INSTRUCTIONS FOR THE TASK: Return only those lines of the material that contain "Mercedes".

RECORD EXCERPTS:

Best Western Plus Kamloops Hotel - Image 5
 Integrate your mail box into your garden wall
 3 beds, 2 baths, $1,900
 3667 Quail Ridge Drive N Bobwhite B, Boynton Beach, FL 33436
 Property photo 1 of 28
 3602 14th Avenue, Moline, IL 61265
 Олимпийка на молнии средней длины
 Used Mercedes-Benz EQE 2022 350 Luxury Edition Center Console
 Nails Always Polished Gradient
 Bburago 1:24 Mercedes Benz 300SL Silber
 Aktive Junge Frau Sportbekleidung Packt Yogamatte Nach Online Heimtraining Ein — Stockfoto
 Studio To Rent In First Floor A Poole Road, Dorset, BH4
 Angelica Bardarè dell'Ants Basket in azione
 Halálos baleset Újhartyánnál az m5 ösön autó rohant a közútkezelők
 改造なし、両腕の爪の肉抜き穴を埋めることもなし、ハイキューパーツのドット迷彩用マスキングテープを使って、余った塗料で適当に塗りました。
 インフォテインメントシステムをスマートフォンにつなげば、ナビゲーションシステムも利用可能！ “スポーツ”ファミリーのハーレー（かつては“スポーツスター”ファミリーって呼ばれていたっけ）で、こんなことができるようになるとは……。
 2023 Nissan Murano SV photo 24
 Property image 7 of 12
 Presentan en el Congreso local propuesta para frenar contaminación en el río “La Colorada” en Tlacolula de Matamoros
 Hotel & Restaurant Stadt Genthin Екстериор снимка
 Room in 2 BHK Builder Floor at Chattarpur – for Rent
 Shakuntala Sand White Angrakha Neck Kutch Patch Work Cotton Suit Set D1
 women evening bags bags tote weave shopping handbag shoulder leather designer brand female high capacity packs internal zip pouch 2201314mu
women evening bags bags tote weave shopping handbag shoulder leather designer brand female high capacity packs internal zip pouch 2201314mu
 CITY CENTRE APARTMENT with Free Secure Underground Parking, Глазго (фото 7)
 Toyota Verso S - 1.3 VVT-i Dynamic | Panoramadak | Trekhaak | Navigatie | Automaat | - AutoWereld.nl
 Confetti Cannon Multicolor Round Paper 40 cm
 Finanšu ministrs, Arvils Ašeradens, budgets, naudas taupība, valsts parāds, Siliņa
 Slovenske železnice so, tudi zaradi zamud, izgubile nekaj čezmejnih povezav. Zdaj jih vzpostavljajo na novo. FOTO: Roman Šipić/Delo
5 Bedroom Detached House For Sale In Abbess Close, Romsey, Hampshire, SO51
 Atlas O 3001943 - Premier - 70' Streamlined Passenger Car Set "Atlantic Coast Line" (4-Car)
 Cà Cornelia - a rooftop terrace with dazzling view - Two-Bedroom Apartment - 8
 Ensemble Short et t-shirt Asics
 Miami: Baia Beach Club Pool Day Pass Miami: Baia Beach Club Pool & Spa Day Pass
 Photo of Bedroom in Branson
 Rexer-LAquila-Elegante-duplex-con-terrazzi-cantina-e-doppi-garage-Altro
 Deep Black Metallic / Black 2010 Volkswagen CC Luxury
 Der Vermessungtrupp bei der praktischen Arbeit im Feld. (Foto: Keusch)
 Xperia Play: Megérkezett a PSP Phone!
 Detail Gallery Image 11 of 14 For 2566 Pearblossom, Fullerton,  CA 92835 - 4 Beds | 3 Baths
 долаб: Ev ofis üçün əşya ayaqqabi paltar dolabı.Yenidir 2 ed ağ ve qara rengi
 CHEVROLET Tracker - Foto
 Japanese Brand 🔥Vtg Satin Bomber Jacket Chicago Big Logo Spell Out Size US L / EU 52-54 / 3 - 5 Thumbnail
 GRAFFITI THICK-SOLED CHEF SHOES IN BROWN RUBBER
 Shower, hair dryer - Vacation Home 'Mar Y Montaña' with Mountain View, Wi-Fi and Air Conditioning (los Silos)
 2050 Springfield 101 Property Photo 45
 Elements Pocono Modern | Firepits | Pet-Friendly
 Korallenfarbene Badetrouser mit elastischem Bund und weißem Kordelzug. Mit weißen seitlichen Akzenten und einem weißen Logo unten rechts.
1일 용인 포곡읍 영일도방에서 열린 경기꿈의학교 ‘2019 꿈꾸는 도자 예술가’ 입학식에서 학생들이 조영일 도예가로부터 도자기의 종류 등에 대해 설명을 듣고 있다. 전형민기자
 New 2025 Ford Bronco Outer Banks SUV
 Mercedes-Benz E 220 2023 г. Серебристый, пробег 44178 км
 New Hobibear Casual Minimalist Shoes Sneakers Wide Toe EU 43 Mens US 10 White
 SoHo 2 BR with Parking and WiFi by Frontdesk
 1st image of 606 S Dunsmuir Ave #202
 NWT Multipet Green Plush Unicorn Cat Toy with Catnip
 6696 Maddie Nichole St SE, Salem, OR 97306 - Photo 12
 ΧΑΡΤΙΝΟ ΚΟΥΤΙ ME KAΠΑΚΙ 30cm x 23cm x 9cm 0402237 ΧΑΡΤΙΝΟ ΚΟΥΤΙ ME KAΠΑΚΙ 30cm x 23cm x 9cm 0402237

SOLUTION TO THIS EXERCISE:
 Used Mercedes-Benz EQE 2022 350 Luxury Edition Center Console
 Bburago 1:24 Mercedes Benz 300SL Silber
 Mercedes-Benz E 220 2023 г. Серебристый, пробег 44178 км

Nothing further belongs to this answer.